We doubled most of the ingredients. No need to double the cayenne. I did triple the hominy and added 2 fresh yellow squash(skinned and cubed).

I am serving it with a side of cornbread. Adding a garnish of fresh cilantro on top of the pozole.

Great for a cold day.

Enjoy and let me know how yours turns out.


----------



## AndrewOSpencer (Jul 17, 2013)

I love Pozole.


----------



## Big Guns 1971 (Nov 7, 2013)

scwine said:


> I just made this and it is freaking yummo!...I must say.


You lost me when I read Hominy in the ingredients list. I cant stand hominy.

http://www.food.com/recipe/authentic-mexican-pozole-196233

We doubled most of the ingredients. No need to double the cayenne. I did triple the hominy and added 2 fresh yellow squash(skinned and cubed).

I am serving it with a side of cornbread.
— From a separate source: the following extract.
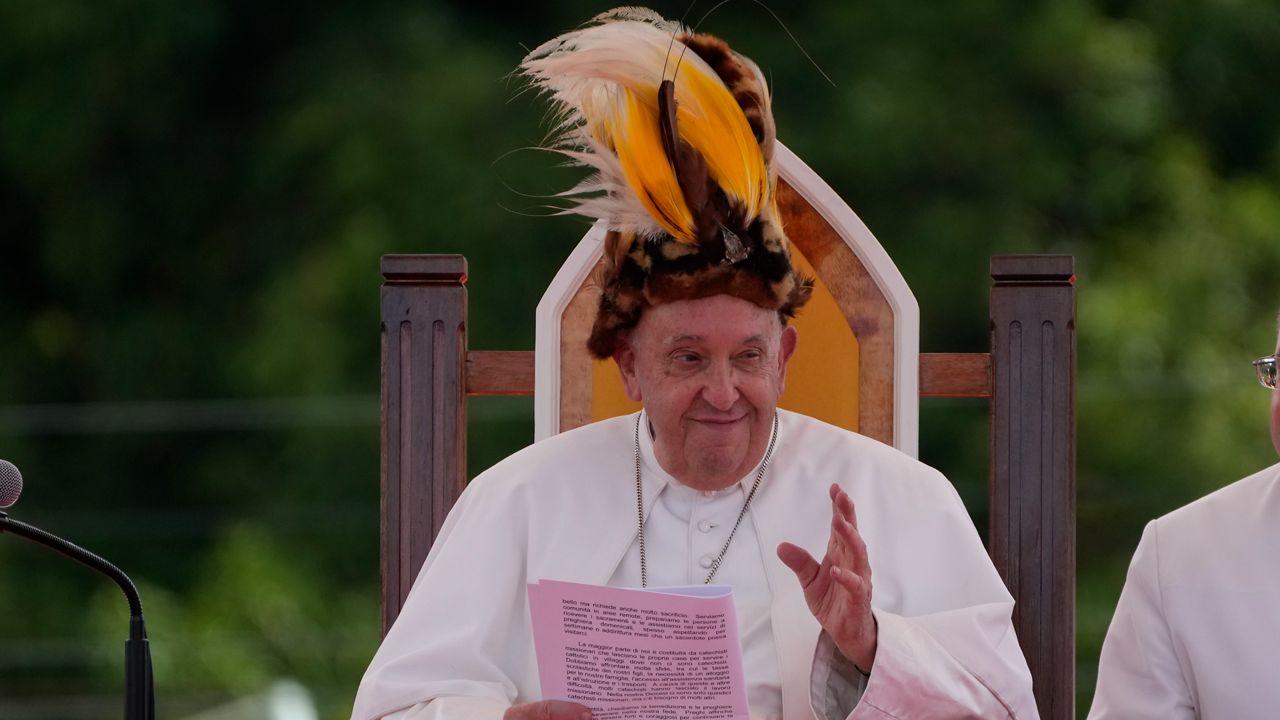 Pope Francis wears a traditional hat during a meeting with faithful in Vanimo, Papua New Guinea, Sunday, Sept. 8, 2024. . (AP Photo/Gregorio Borgia)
Adding a garnish of fresh cilantro on top of the pozole.

Great for a cold day.

Enjoy and let me know how yours turns out


----------



## cva34 (Dec 22, 2008)

AndrewOSpencer said:


> I love Pozole.


Me TOO!!! Its not that common around here..But in New Mexico/Arizona its a staple


----------



## dbarham (Aug 13, 2005)

Man I need that for this hangover

Sent from my SCH-I545 using Tapatalk


----------



## DA REEL DADDY (Jun 7, 2005)

I am going to try this with chicken.


Have you ever had it this way? I don't if I have ever had it. Looks good enough.


I'd do it today but, thawing out some fajitas for dinner. thanks for the sharing!


----------



## rapnrod (Jul 24, 2008)

DA REEL DADDY said:


> I am going to try this with chicken.
> 
> Have you ever had it this way? I don't if I have ever had it. Looks good enough.
> 
> I'd do it today but, thawing out some fajitas for dinner. thanks for the sharing!


Excellent with chicken. Done it a few times. More work though if you bone it out. This ****** don't like eating around bones.


----------



## Captain Dave (Jul 19, 2006)

After reading your thread a while back , I had to make some. Good unique choice.

I made it a lil different though..


----------



## tunchistheman (Feb 25, 2010)

pozole is good but I still like menudo. like cva said it's not as common here in Tx so we tend to favor menudo more.


----------